What to produce
Among the entries, find the lines with the string "Escape" and copy them.

Data in this exercise
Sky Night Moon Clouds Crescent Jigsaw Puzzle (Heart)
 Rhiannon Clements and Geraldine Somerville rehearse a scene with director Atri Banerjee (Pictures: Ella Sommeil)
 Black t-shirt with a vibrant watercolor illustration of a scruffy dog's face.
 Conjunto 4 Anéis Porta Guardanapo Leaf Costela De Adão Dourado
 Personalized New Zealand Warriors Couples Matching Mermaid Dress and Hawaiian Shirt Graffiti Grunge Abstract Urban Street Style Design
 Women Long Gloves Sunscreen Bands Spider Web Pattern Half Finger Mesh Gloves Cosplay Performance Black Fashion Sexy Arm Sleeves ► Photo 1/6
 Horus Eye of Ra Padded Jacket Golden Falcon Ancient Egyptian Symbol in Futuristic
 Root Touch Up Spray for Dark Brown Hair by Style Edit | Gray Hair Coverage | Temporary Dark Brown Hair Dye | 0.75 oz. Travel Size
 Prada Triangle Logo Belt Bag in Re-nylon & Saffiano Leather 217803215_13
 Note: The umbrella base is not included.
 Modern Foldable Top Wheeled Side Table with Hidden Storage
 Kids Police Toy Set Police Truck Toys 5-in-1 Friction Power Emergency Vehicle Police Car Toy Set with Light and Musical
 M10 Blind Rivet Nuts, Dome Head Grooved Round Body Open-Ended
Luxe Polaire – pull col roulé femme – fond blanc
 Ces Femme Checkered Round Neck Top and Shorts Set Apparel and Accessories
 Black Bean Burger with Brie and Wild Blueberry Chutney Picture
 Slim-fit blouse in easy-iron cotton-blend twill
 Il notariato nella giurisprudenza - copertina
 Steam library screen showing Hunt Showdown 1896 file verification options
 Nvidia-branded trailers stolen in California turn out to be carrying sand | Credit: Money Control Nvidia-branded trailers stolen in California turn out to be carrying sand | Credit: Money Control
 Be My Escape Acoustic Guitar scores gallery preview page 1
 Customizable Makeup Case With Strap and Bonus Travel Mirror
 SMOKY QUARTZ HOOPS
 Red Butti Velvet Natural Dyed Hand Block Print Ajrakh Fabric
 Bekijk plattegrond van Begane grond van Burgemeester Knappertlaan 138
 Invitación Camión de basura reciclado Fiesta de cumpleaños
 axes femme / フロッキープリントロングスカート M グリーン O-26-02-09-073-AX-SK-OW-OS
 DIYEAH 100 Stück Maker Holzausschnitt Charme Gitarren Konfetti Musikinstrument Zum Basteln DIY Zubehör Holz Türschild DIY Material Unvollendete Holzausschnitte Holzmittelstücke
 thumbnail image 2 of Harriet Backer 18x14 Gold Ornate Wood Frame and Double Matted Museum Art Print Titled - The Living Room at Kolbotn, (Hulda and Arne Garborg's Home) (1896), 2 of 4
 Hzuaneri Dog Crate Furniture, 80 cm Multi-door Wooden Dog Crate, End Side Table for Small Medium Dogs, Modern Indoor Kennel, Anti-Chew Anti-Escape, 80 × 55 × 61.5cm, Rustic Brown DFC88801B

Answer section
 Be My Escape Acoustic Guitar scores gallery preview page 1
 Hzuaneri Dog Crate Furniture, 80 cm Multi-door Wooden Dog Crate, End Side Table for Small Medium Dogs, Modern Indoor Kennel, Anti-Chew Anti-Escape, 80 × 55 × 61.5cm, Rustic Brown DFC88801B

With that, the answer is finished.